**Provided records:**
------
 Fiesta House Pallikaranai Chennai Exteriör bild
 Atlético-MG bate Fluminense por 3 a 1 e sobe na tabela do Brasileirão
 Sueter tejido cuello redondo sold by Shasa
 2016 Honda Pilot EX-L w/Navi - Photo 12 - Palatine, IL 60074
------
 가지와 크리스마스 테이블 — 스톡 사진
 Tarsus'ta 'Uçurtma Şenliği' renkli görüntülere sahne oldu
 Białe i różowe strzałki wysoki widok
------
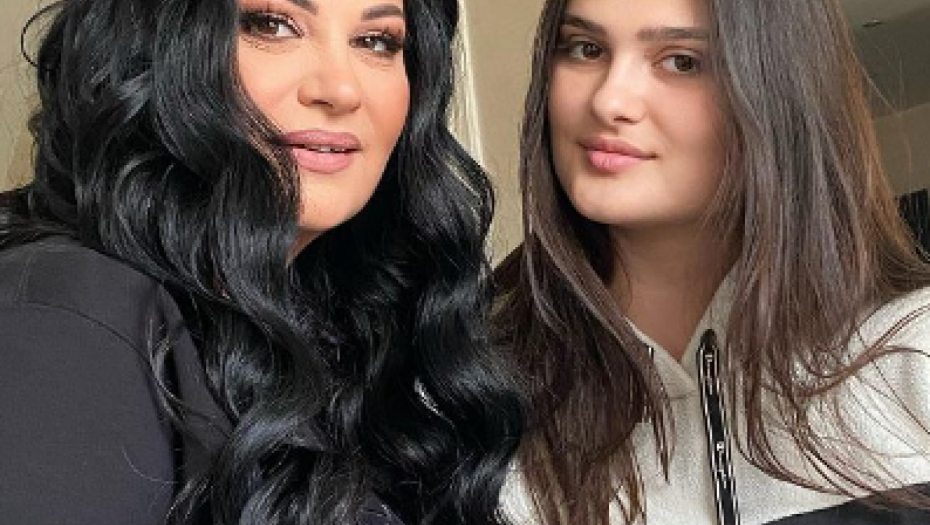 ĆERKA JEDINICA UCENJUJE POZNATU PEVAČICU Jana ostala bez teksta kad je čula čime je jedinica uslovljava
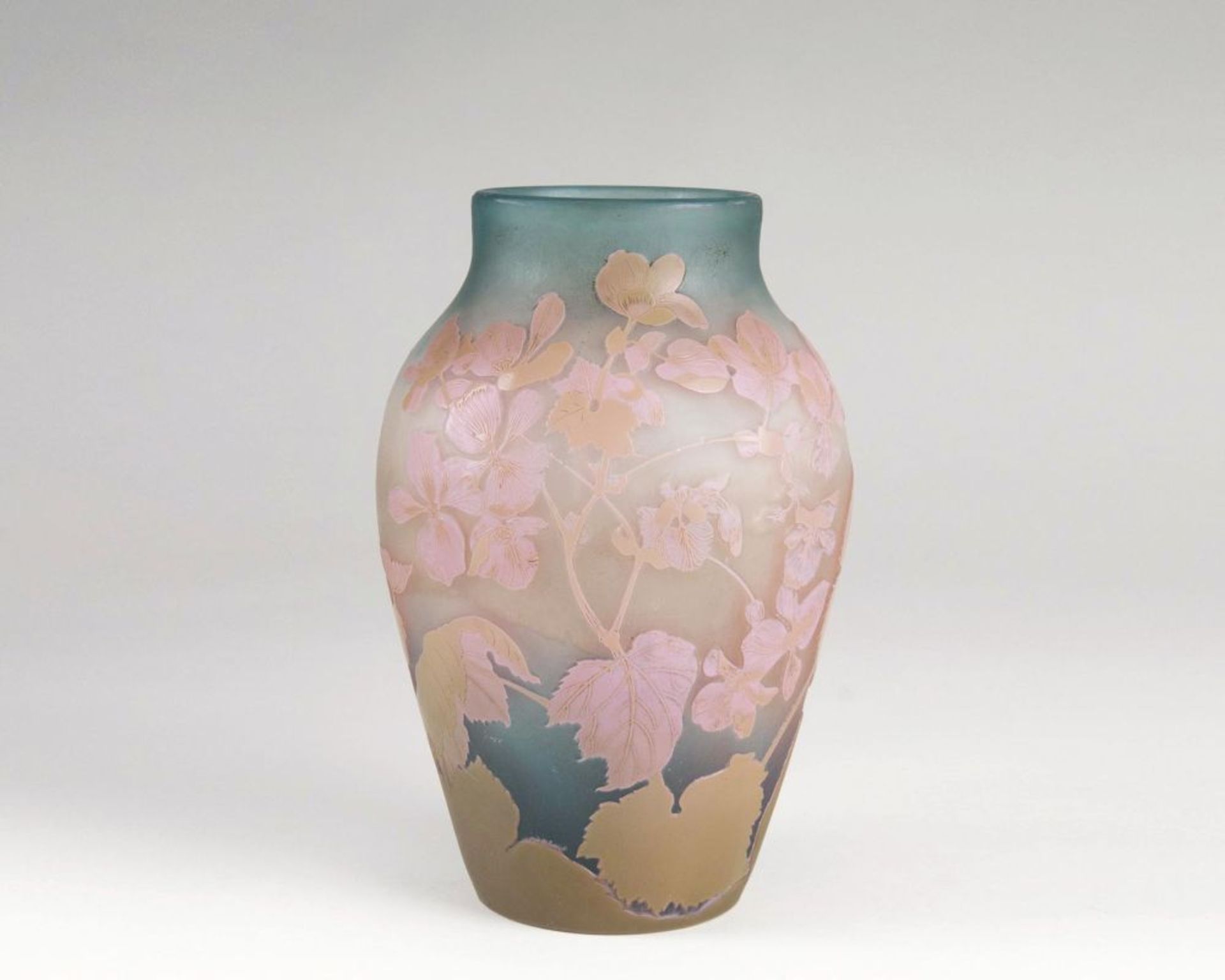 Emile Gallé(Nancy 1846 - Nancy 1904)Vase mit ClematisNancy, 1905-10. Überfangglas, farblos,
------
**Aim of the exercise:**
Print, from the entries above, the line with "Tarsus'ta 'Uçurtma Şenliği'", the line with "Białe i różowe strzałki wysoki widok" and all lines between them, exactly and with nothing else.

**Output for this exercise:**
 Tarsus'ta 'Uçurtma Şenliği' renkli görüntülere sahne oldu
 Białe i różowe strzałki wysoki widok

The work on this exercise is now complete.